◆ **Task details**: Copy the data that follows exactly as it is, excluding all pictures.

◆ **Stored data**:
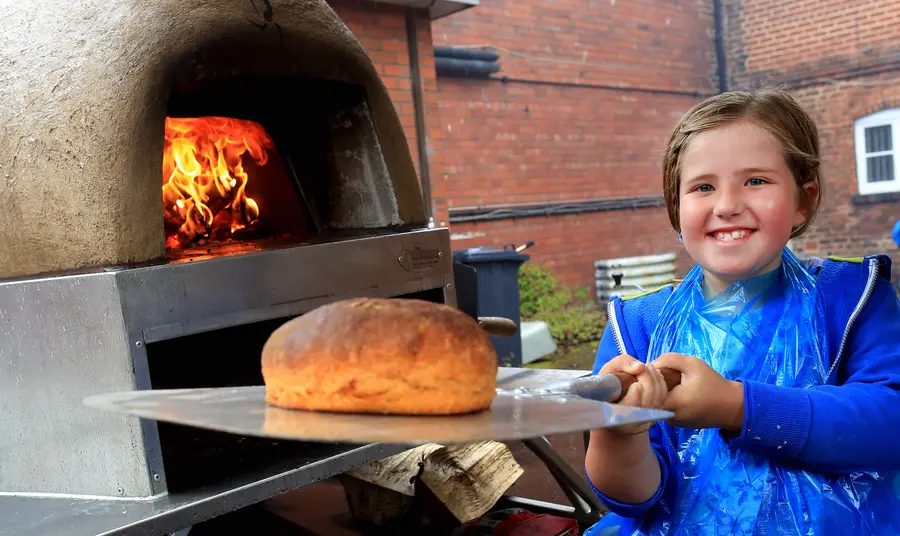 Bread making session with the mobile oven.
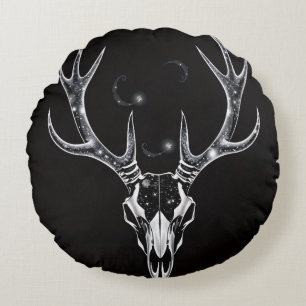 Coussins Ronds Le Cerf Élancé du Vide – Squelette du Cosmos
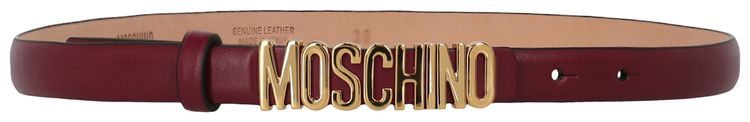 Moschino Calf Leather Logo Belt Bordeaux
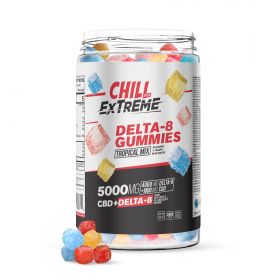 Chill Plus Extreme Delta-8 Gummies Tropical Mix - 5000X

◆ **Reply**:
 Bread making session with the mobile oven.
 Coussins Ronds Le Cerf Élancé du Vide – Squelette du Cosmos
 Moschino Calf Leather Logo Belt Bordeaux
 Chill Plus Extreme Delta-8 Gummies Tropical Mix - 5000X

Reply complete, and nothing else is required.